Kinesis Firehose Delivery Stream Transformation

Keywords: AWS Kinesis, Firehose, Delivery Stream, Lambda, Transform Transformation.

我们来看一个典型的实时数据流 Transformation 案例:

  1. 数据以 Batch 的形式, 用 put_records API 发送给 Kinesis Data Stream

  2. Kinesis Firehose Delivery Stream 订阅了 Kinesis Data Stream, 收到了数据

  3. Firehose 触发了用于做 Transformation 的 AWS Lambda, Lambda 接受到了数据

  4. Lambda 对数据进行了 Transformation, 并整理成了 Firehose Programming Model 认识的格式

  5. Firehose 将处理好的数据 dump 到 S3 或是其他的 Destination

这里我们重点研究下 #1, #3, #4 三步, 这三步你需要在 SDK 中准备好数据结构和格式, 格式不对前后是接不起来的.

1. Raw Data

原始数据用 Python Dictionary 的形式保存. 一条数据就是一个 Dict.

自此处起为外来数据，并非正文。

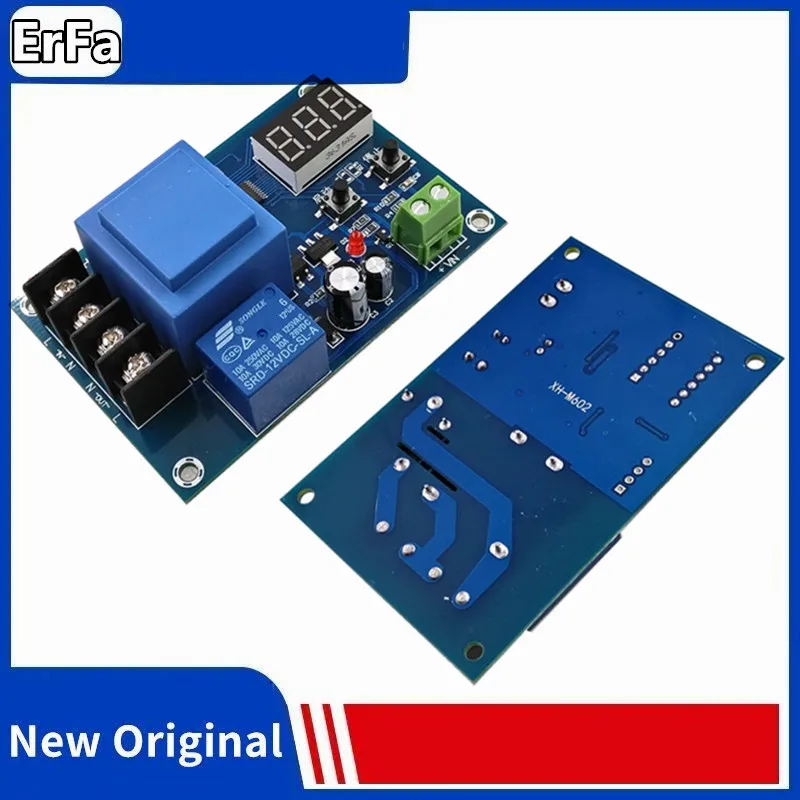 XH-M602 battery charging control module digital control battery lithium Battery charge control switch Protection board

{"id": "1", "value": random.randint(1, 100)}
{"id": "2", "value": random.randint(1, 100)}
{"id": "3", "value": random.randint(1, 100)}

put_records 把数据发送给 Data Stream:

# -*- coding: utf-8 -*-

import boto3
import json
import random
from rich import print as rprint

boto_ses = boto3.session.Session()
k_client = boto_ses.client("kinesis")

stream_name = "sanhe-dev"

# Ref: https://boto3.amazonaws.com/v1/documentation/api/latest/reference/services/kinesis.html#Kinesis.Client.put_records
raw_records = [
    {"id": str(i), "value": random.randint(1, 100)}
    for i in range(21, 21+10)
]

kin_records = [
    dict(
        Data=(json.dumps(raw_record) + "\n").encode("utf-8"),
        PartitionKey=raw_record["id"],
    )
    for raw_record in raw_records
]

response = k_client.put_records(
    Records=kin_records,
    StreamName=stream_name,
)

rprint(response)

3, 4. Transformation Lambda Function

# -*- coding: utf-8 -*-

"""
The lambda function that transform records pass through kinesis firehouse
"""

import json
import base64


def lambda_handler(event, context):
    """
    ``event`` example::

        {
            "invocationId": "invocationIdExample",
            "deliveryStreamArn": "arn:aws:kinesis:EXAMPLE",
            "region": "us-east-1",
            "records": [
                {
                    "recordId": "49546986683135544286507457936321625675700192471156785154",
                    "approximateArrivalTimestamp": 1495072949453,
                    "data": "SGVsbG8sIHRoaXMgaXMgYSB0ZXN0IDEyMy4="
                },
                ...
            ]
        }

    return example::

        {
            "records": [
                {
                    "recordId": "49546986683135544286507457936321625675700192471156785154",
                    "result": "OK",
                    "data": "SGVsbG8sIHRoaXMgaXMgYSB0ZXN0IDEyMy4="
                }
            ]
        }
    """
    output = []

    for record in event["records"]:
        print(record["recordId"])
        # convert the data back to raw data
        raw_record = json.loads(base64.b64decode(record["data"].encode("utf-8")))

        # Do custom processing on the payload here
        transformed_record = raw_record
        transformed_record["value"] = transformed_record["value"] * 100

        # convert transformed data to output
        output_record = {
            "recordId": record["recordId"],
            "result": "Ok", # "OK" | "Dropped" | "ProcessingFailed"
            "data": base64.b64encode((json.dumps(transformed_record) + "\n").encode('utf-8'))
        }
        output.append(output_record)

    print('Successfully processed {} records.'.format(len(event['records'])))

    return {"records": output}

5. Data in Destination

最终 Delivery Stream 会把每个 record 恢复成 binary, 然后连续拼接在一起, 最终形成一个大的 binary 文件.

由于我们这里的数据其实是 JSON encoded string, 所以最后的文件可以被解读为 pure text json file.

{"id": "1", "value": 3100}{"id": "2", "value": 2800}{"id": "3", "value": 4200}

Summary

Serialization Protocol

Kinesis 用的是 binary protocol. 虽然我们可以用 json string protocol, 但是在转换过程中会有效率问题, 例如 binary 数据你要用 json serialize 就得先转化成 base64 encode. 然后 dump 之后变成了 binary, 又要经过一次 base64 encode. 这样会造成较大的资源浪费. 如果能用基于 binary 的 serialization protocol, 例如 pickle, google 的 protocol buffer / flatbuffer 等格式, 效率会更高, 不过编程起来会麻烦一点.